Une de mes préconisations est de relancer les activités sous deux approches simultanées en laissant progressivement la plus innovante et la plus appropriée s’installer dans l’entreprise. Il s’agirait d’un côté de relancer l’activité comme « business as usual » avec une partie de ses ressources car il faut bien avancer. En parallèle, organiser sa réinvention en utilisant l’intelligence collective pour apprendre, tester, s’améliorer et être plus performant en trouvant des solutions ancrées dans le concret. Puis en même temps mettre en œuvre les solutions dans un esprit maker. On peut imaginer raccourcir la chaine de valeur devenue trop longue, réduire le processus de production, ajuster les process incohérents, définir une nouvelle gestion du risque, créer de nouveaux produits/ services adaptés aux besoins immédiats, inventer un nouveau business model…

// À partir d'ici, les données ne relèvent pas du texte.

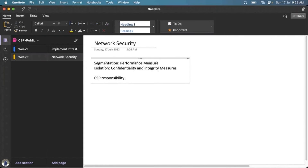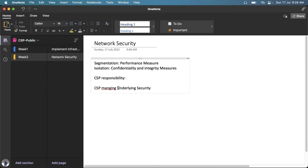In a public cloud, if two different tenants create two VMs hosted on the same physical server, and both have machines on the same IP range like 10.1.0.4, calling one should not accidentally connect you to the other tenant's virtual machine. That isolation must be provided by the cloud service provider, who is responsible for managing the underlying security.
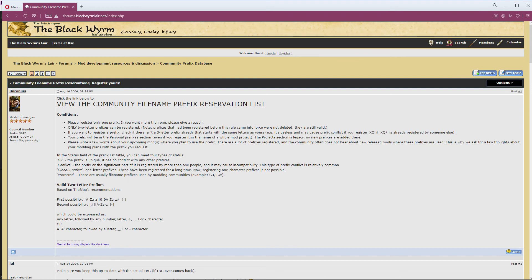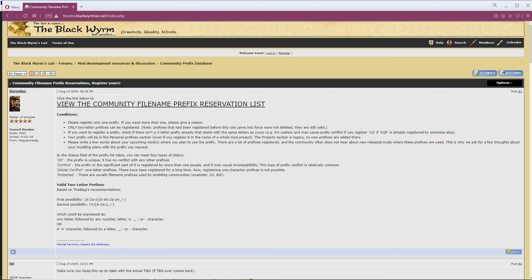The links to blackwyrmlayer.net in the video description should lead you to where you can go to register this. You can't use the same combination as someone else, and you have to sign up for the forums there in order to get registered. At the time of this video, any prefix starting with U is probably a pretty safe bet, but that may also change. Also, a short ad is going to be probably playing the first time you visit the site.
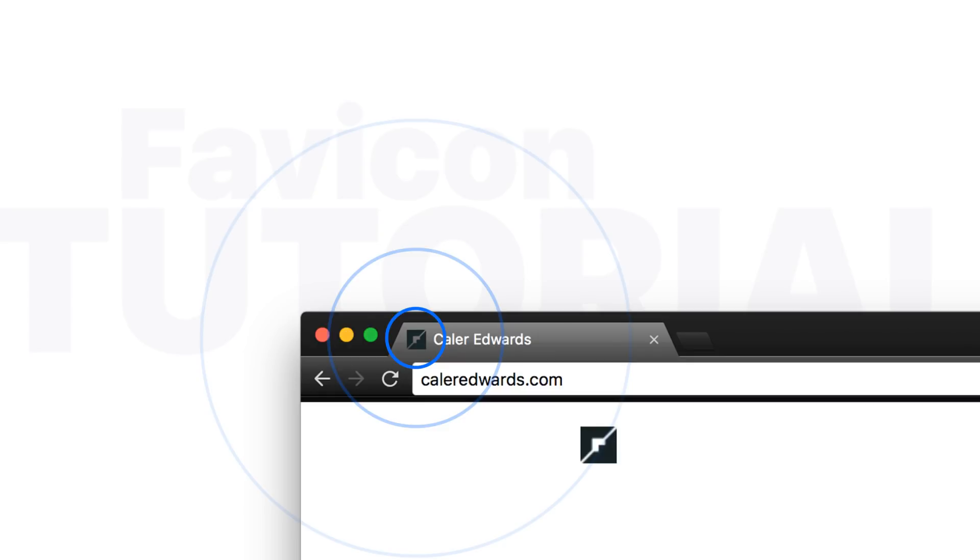we're going to take a look at favicons. If you don't know what it is, today I'm going to show you how to use it properly. And if you are using one, does it look good on every platform? Well, today we're going to be using a website that I've used in the past on client work as well as on my own personal website.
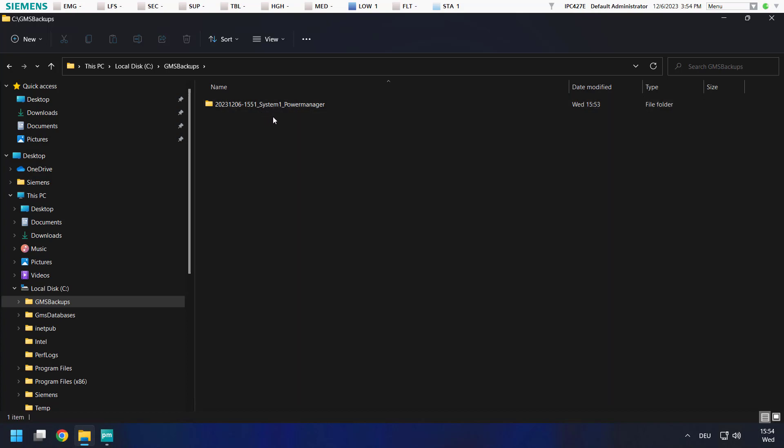If you would create another backup, there would appear another folder for it. This was the first step. The second step, we have to create a backup of our database.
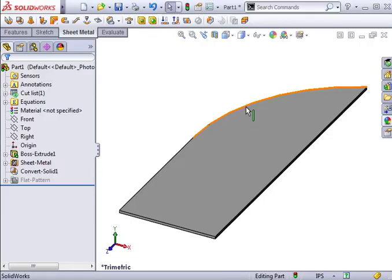SolidWorks allows you to add edge flanges to curved edges. There are just a couple of rules you have to keep in mind.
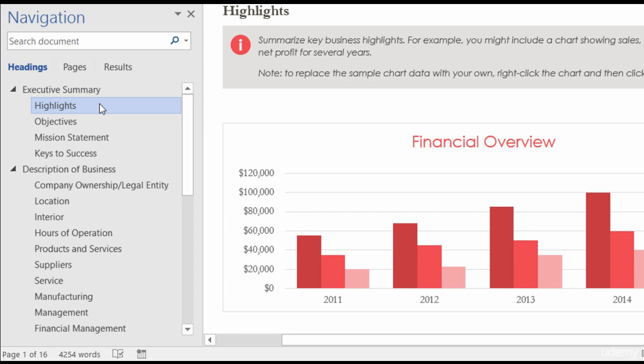You see how fast it is to navigate around your document — and it's a great document map too. Just by taking a look at the Navigation Pane, I can tell what my document's about and I can see if my sections are in the right order.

Comme déjà évoqué précédemment, exécuter dans un esprit maker, c’est apporter du pragmatisme, de la simplicité mais aussi s’inscrire dans la rapidité et l’efficacité.Il faut avancer par étapes, agir vite, décider vite, échouer vite et recommencer jusqu’à résoudre ou réinventer les solutions aux enjeux et les exécuter en grandeur nature.

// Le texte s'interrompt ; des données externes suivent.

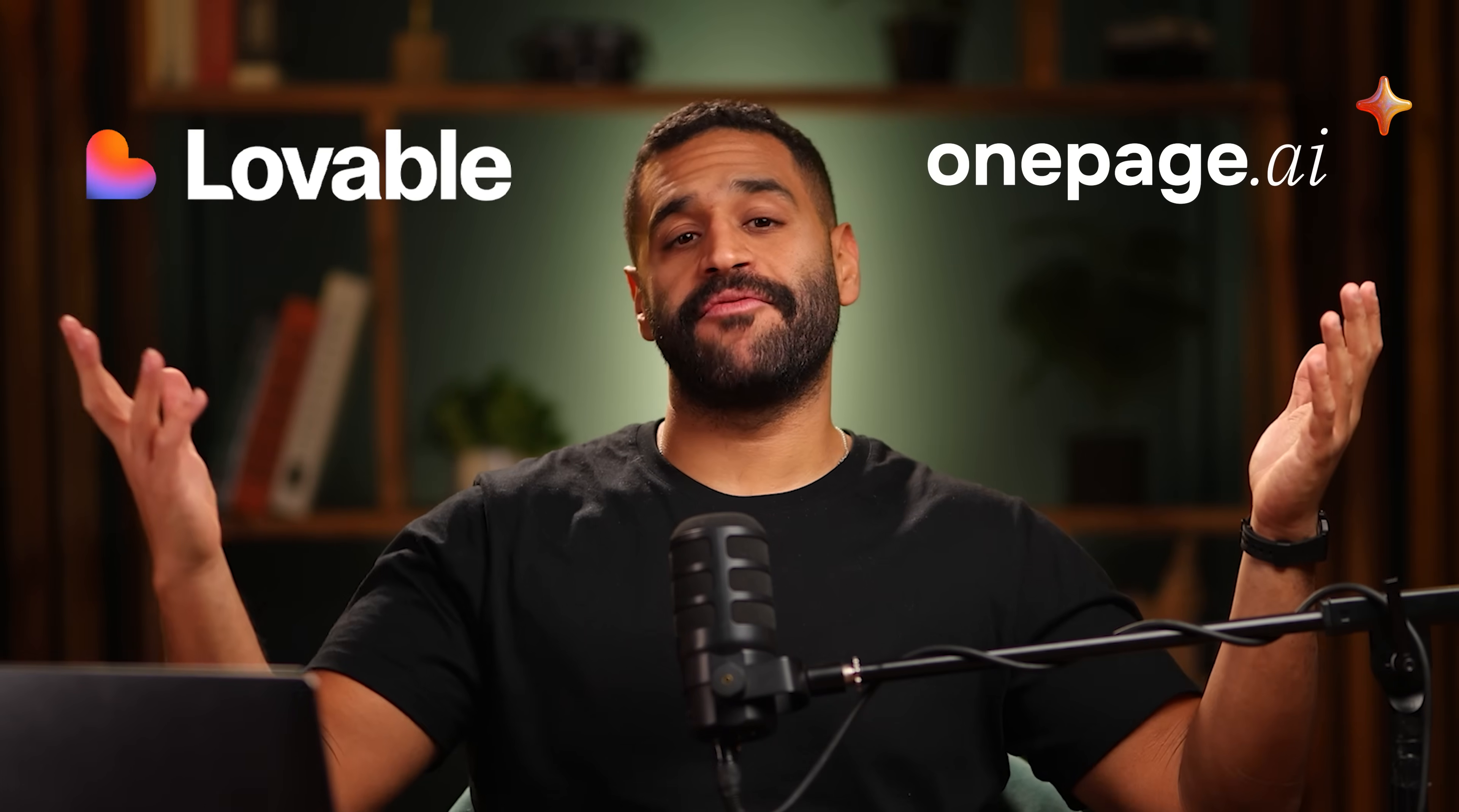I tested two really interesting AI website builders, OnePage AI and Lovable. And in this video, I'll show you exactly what each one does best so you can pick the right tool.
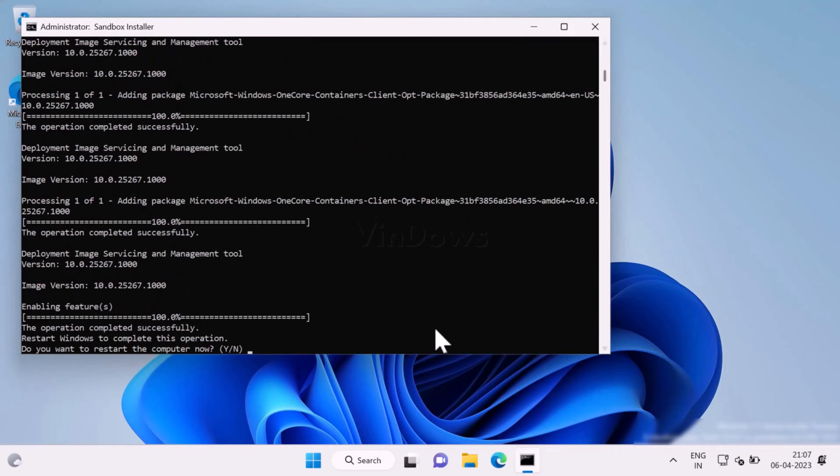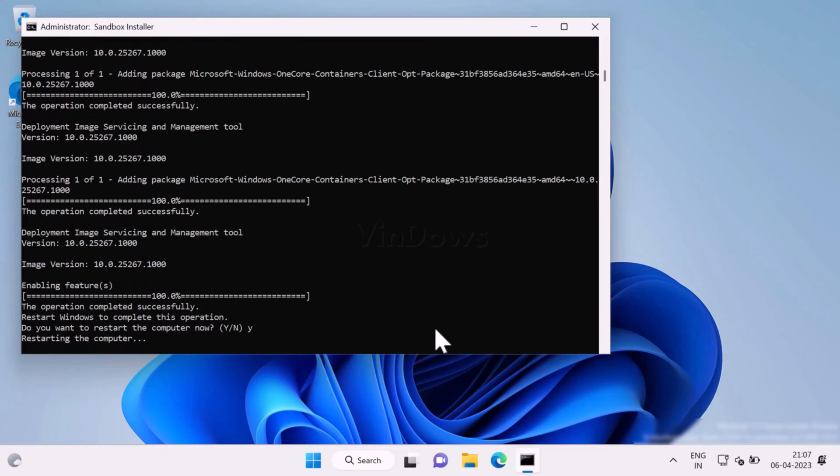Once the installation completes, you will be asked to restart your computer. Type Y in the command prompt window to confirm the action. Now this will restart your computer.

Après les premières analyses et modelling, on devient plus à même de comprendre la situation et de se projeter. C’est alors le moment de décliner les nouvelles priorités stratégiques en différents chantiers. Des chantiers centrés sur les projets où les efforts doivent être portés et déployés tout en gardant à l’esprit qu’il est important de se réinventer et d’exécuter pendant cette phase de reprise.

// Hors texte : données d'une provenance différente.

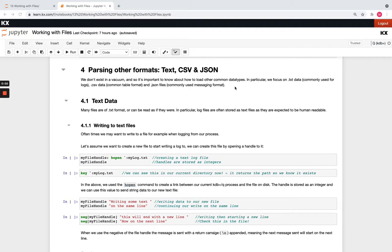Welcome back. Next we're going to take a look at saving and loading other file formats. So we're going to look at text, CSV and JSON.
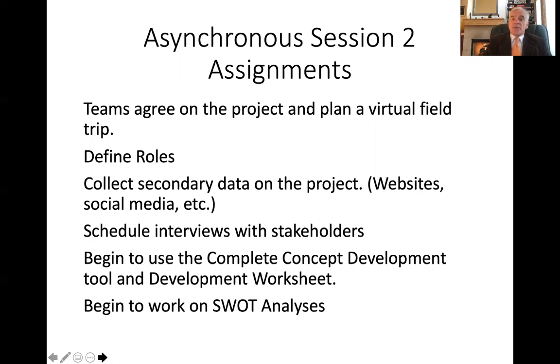It is important at that point that you begin defining roles. Who will collect secondary data — for example, looking at websites, social media, TripAdvisor, and so on.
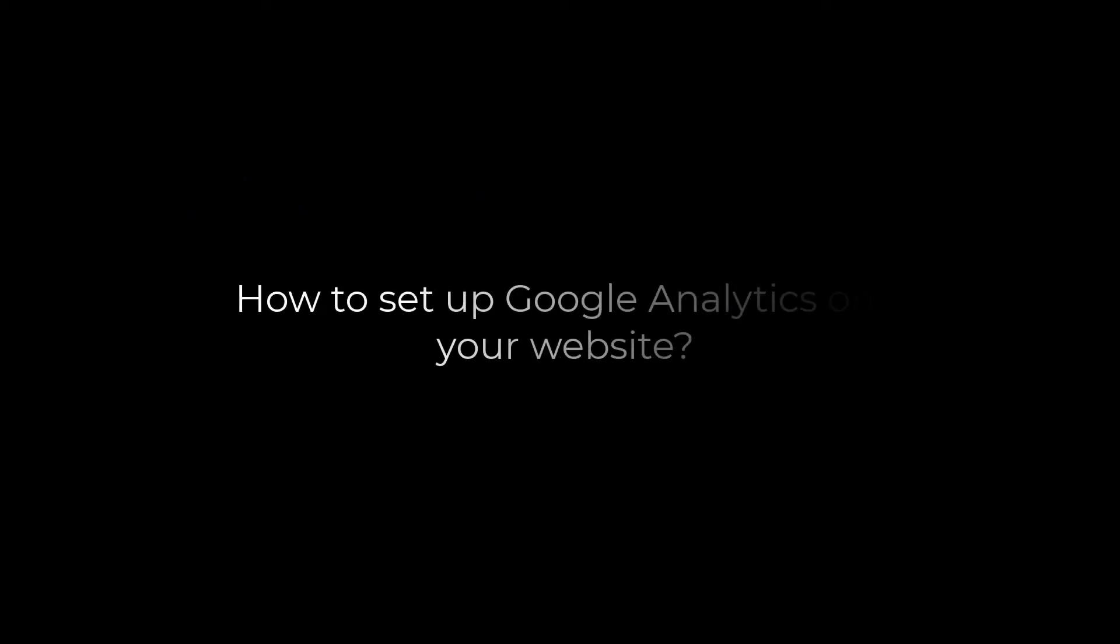Greetings, everyone. In today's video, we will quickly learn how you can add Google Analytics code to your WordPress website. Let's get started. For more WordPress content, please subscribe to our channel and press the bell icon.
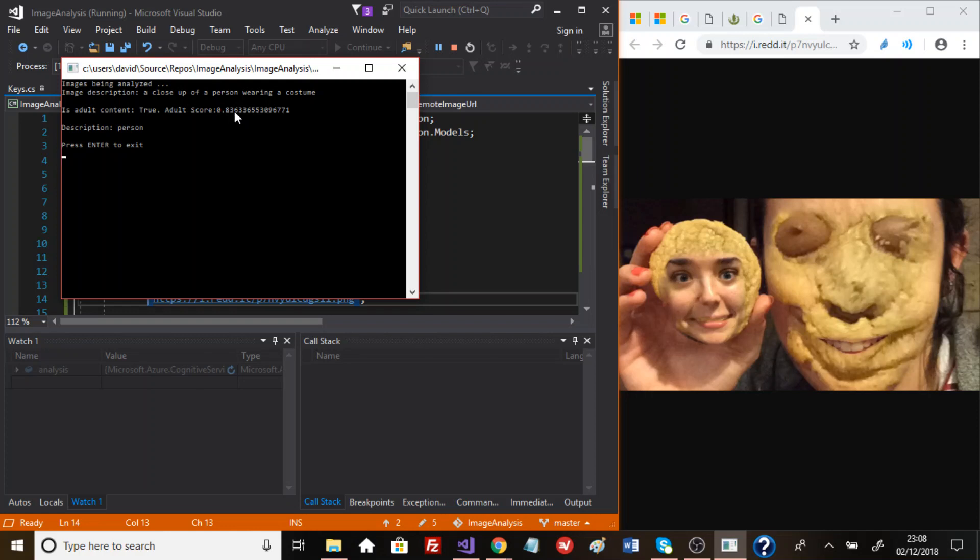So in other words, this image contains adult content. Now this score system here is a 0 to 1 scale. So the closer it is to 1, the higher the chance that there is adult content in this picture.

Instaurer l’intelligence collective

L’une des organisations est d’avancer en « squads » (en commandos) multidisciplinaires et à taille humaine, autorisés à être responsables, autonomes et décisionnaires dans la définition des objectifs et du pilotage de chaque chantier. L’approche est détaillée dans la rubrique « Faut-il continuer à innover en période de crise? ».

Instaurer un Esprit maker

Une idée ne vaut rien sans l’exécution.

Ce « squad » doit pouvoir fonctionner en mode « doer ». Les solutions doivent passer très rapidement du concept au concret. Pour se faire, elles sont traduites en actions pour faciliter l’appréhension de leur exécution. L’exécution est un challenge pour beaucoup d’entreprises car c’est un point critique qui empêche souvent les équipes d’avancer vite ou de passer à l’échelle. Il est plus que jamais recommandé de prototyper et expérimenter chaque solution, d’abandonner les réflexes du « business as usual » pour ne pas entraver la phase de « test and learn » et puis la ramener sur votre terrain de jeu pour l’ajuster en environnement réel.

La mise en œuvre de ces deux concepts permet d’avancer rapidement et avec agilité grâce à des étapes claires. L’entreprise y trouvera un bénéfice immédiat notamment au travers de la résolution de dysfonctionnements souvent à l’origine de coûts cachés pénalisant la capacité de l’entreprise dans son élan pour aller de l’avant.